<<<<

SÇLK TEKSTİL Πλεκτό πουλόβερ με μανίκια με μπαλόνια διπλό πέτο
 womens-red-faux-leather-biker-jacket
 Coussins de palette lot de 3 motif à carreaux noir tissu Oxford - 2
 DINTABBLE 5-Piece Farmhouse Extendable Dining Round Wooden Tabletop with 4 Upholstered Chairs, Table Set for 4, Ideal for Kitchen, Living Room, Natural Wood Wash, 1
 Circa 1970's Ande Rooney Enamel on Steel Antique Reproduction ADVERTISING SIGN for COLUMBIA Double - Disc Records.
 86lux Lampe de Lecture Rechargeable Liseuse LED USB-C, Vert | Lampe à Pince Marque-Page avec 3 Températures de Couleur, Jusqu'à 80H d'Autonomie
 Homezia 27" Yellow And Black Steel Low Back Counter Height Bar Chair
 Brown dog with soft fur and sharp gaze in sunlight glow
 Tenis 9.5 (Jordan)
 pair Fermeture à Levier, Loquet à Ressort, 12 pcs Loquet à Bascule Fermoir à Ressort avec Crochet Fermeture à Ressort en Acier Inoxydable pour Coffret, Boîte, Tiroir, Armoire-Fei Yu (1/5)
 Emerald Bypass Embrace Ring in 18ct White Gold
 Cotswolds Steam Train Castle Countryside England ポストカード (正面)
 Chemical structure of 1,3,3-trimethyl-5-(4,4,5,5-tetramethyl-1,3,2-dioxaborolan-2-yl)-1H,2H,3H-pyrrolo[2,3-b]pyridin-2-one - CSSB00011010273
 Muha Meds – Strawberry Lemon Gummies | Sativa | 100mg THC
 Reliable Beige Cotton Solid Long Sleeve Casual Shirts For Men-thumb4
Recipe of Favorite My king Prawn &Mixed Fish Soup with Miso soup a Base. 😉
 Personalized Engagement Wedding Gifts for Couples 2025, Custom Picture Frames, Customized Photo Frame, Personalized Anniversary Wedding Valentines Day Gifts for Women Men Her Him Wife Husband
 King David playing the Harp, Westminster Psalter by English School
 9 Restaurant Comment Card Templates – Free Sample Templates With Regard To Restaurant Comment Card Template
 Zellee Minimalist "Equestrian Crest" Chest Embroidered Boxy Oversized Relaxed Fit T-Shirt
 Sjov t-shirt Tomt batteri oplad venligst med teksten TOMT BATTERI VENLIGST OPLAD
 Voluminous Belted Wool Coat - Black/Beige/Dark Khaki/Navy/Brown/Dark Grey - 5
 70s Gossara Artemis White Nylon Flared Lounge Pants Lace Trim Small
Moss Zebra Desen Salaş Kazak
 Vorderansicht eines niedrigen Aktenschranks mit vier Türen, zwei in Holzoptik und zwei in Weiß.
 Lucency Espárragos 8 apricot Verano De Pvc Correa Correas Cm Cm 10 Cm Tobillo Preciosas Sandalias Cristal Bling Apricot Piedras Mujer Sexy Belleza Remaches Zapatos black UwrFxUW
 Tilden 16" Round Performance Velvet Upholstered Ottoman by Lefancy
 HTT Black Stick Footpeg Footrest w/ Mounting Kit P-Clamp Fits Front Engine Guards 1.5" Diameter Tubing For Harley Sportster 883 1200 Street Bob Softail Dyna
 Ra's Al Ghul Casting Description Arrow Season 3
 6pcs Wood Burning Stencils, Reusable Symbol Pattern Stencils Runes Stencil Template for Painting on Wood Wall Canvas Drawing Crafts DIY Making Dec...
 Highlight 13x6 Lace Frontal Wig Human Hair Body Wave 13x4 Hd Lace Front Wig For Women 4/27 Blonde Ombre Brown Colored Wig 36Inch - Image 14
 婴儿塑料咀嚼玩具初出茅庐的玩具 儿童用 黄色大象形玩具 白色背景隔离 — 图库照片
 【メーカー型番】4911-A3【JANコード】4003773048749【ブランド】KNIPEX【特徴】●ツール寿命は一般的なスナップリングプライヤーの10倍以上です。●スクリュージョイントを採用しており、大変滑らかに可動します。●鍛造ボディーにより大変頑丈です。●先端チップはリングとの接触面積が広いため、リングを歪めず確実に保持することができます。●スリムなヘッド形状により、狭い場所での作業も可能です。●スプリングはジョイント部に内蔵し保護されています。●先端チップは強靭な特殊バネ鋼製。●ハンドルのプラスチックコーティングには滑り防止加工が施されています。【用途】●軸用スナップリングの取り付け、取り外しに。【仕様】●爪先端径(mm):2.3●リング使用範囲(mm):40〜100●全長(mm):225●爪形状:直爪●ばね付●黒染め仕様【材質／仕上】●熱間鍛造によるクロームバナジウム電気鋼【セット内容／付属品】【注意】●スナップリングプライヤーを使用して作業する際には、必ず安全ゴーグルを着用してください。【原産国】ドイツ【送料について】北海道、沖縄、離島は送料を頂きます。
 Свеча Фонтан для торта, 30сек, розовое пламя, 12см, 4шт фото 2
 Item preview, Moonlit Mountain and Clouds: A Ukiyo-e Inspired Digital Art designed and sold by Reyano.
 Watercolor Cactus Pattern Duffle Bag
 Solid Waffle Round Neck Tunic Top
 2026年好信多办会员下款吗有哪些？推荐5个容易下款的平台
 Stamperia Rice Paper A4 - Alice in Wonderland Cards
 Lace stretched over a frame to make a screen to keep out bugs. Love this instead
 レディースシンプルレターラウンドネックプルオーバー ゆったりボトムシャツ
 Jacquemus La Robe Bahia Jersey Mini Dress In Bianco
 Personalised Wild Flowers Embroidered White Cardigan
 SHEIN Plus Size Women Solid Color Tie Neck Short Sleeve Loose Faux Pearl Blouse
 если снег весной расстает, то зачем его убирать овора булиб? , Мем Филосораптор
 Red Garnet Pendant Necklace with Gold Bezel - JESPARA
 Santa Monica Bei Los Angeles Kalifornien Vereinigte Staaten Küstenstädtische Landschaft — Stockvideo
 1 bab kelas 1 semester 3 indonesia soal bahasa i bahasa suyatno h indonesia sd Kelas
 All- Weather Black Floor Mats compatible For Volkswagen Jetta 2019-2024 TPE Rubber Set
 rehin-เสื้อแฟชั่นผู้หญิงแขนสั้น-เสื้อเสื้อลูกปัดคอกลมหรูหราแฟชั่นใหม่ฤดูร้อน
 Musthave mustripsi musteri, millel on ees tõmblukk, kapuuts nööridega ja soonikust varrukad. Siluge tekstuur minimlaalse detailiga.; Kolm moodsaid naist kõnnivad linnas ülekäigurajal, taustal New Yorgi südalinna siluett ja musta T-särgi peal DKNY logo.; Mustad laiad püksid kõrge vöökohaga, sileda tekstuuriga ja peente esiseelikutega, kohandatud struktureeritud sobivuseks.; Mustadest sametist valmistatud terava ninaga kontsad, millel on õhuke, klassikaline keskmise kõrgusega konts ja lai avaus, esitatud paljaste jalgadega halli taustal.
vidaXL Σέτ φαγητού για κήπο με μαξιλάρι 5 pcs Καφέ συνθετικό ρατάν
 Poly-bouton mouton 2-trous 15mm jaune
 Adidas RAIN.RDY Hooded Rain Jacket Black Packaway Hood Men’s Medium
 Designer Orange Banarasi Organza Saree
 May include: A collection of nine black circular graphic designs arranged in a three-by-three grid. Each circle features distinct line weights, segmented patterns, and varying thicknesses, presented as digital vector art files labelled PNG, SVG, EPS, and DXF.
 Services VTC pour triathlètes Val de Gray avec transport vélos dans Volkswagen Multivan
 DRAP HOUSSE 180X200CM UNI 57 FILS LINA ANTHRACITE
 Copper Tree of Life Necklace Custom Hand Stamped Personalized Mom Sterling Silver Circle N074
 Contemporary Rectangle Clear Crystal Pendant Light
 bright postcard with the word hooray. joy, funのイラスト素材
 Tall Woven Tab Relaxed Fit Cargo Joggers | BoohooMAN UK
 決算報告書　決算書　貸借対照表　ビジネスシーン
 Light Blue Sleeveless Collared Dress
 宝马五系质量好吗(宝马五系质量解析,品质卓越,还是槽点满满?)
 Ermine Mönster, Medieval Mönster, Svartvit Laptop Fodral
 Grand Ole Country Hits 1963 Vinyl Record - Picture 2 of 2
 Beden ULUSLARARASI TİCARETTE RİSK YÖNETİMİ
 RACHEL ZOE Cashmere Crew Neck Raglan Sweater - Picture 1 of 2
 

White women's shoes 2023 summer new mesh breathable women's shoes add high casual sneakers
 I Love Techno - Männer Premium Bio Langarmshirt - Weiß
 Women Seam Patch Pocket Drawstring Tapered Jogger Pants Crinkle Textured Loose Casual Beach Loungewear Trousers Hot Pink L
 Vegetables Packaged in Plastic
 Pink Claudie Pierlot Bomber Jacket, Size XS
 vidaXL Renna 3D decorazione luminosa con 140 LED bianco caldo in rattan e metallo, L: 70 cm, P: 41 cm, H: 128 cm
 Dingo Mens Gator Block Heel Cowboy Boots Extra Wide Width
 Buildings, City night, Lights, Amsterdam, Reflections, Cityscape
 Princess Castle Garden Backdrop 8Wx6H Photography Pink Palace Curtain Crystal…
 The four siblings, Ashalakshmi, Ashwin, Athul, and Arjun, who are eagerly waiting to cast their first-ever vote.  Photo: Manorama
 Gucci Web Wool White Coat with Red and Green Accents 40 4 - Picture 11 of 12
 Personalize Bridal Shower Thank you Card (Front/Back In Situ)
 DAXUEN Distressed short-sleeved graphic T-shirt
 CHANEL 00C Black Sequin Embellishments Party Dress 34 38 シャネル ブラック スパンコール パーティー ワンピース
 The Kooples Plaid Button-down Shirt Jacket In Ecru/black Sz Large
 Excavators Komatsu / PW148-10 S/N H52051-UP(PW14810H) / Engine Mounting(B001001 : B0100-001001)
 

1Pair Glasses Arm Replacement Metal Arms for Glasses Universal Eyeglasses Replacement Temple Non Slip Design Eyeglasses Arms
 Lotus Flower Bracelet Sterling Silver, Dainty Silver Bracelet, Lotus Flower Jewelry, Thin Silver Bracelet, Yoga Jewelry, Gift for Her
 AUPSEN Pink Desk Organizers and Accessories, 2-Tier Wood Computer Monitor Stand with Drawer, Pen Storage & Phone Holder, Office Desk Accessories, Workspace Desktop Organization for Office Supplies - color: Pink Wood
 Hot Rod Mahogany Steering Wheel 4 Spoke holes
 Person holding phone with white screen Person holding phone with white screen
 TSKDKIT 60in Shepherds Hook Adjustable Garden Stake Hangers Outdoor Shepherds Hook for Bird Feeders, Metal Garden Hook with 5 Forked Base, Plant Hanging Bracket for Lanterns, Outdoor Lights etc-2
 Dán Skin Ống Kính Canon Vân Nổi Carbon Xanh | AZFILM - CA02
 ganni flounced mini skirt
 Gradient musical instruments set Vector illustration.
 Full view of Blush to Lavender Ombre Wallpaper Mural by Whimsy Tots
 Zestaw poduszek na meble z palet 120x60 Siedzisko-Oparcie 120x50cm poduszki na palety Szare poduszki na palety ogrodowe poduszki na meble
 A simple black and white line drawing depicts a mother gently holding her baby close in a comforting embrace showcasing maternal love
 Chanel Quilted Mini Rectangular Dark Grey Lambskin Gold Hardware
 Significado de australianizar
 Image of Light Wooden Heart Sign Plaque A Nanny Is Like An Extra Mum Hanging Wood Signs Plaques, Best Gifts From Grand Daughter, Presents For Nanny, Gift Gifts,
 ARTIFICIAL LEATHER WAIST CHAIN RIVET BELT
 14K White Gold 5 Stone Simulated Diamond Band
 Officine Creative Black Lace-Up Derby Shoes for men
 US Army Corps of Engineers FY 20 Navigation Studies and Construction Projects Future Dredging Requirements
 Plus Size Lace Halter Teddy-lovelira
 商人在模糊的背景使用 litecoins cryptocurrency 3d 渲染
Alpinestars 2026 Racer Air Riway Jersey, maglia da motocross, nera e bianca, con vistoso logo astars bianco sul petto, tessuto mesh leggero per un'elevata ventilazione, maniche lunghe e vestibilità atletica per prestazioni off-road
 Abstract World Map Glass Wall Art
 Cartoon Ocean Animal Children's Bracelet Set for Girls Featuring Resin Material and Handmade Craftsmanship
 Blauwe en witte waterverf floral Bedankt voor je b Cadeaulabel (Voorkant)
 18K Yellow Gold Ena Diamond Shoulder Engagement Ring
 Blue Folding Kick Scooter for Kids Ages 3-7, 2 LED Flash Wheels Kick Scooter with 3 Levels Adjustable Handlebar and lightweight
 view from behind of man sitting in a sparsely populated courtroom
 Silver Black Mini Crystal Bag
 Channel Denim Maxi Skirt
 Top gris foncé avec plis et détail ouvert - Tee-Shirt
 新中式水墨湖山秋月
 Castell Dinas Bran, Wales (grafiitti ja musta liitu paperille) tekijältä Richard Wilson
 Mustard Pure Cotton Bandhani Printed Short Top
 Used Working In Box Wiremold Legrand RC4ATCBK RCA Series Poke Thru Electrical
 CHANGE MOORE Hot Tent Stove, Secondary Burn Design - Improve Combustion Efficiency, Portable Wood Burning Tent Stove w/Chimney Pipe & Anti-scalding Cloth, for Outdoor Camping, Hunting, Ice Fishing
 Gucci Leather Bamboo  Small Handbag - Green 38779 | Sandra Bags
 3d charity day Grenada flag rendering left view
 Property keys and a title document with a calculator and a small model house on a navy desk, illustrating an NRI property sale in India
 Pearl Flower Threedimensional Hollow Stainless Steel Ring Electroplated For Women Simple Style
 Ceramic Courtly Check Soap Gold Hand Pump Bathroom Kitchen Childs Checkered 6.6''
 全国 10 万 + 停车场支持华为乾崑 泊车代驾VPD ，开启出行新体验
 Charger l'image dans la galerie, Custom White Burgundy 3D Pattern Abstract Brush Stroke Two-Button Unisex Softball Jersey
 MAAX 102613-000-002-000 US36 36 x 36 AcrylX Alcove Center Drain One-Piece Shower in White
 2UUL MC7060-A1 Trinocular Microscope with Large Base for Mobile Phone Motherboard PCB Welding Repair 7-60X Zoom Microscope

>>>>

__What to work on__. Reproducing the whole listing above is not the task. Copy exactly only the lines from the one with "Gradient musical instruments" to the one with "Officine Creative Black", both kept.

__Answer to the problem__.
 Gradient musical instruments set Vector illustration.
 Full view of Blush to Lavender Ombre Wallpaper Mural by Whimsy Tots
 Zestaw poduszek na meble z palet 120x60 Siedzisko-Oparcie 120x50cm poduszki na palety Szare poduszki na palety ogrodowe poduszki na meble
 A simple black and white line drawing depicts a mother gently holding her baby close in a comforting embrace showcasing maternal love
 Chanel Quilted Mini Rectangular Dark Grey Lambskin Gold Hardware
 Significado de australianizar
 Image of Light Wooden Heart Sign Plaque A Nanny Is Like An Extra Mum Hanging Wood Signs Plaques, Best Gifts From Grand Daughter, Presents For Nanny, Gift Gifts,
 ARTIFICIAL LEATHER WAIST CHAIN RIVET BELT
 14K White Gold 5 Stone Simulated Diamond Band
 Officine Creative Black Lace-Up Derby Shoes for men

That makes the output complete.